**What you have to do:** The listing below holds a line with "Suasan di Pantai Bali 2 Indramyu." and a later line with "11898 96A Ave". Write out those two lines and every line between them, exactly, and nothing else.

**Data for this exercise:**
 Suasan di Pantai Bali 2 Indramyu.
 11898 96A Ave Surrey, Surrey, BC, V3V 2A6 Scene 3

--

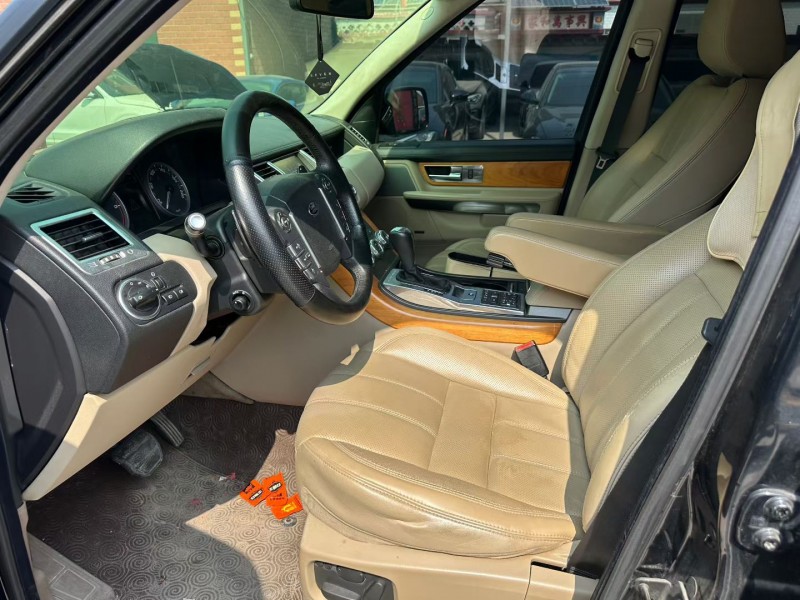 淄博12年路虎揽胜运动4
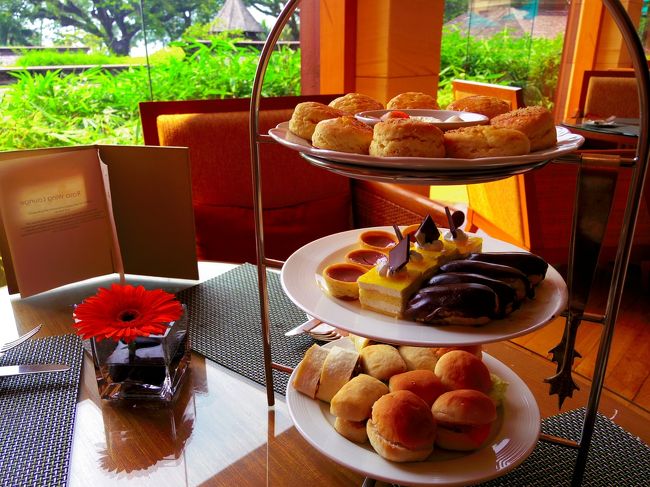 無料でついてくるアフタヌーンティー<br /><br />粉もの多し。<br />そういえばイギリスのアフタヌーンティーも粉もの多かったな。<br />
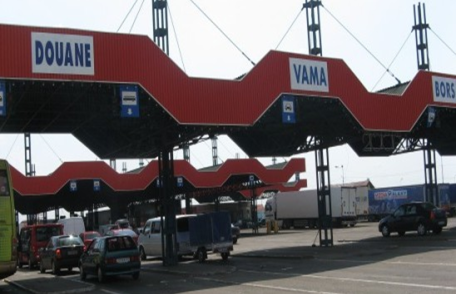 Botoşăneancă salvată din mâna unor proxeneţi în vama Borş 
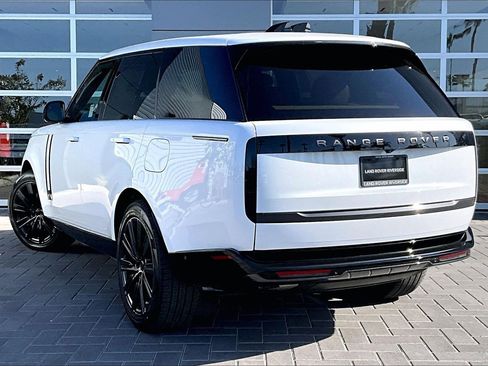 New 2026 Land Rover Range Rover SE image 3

**Exercise output:**
 Suasan di Pantai Bali 2 Indramyu.
 11898 96A Ave Surrey, Surrey, BC, V3V 2A6 Scene 3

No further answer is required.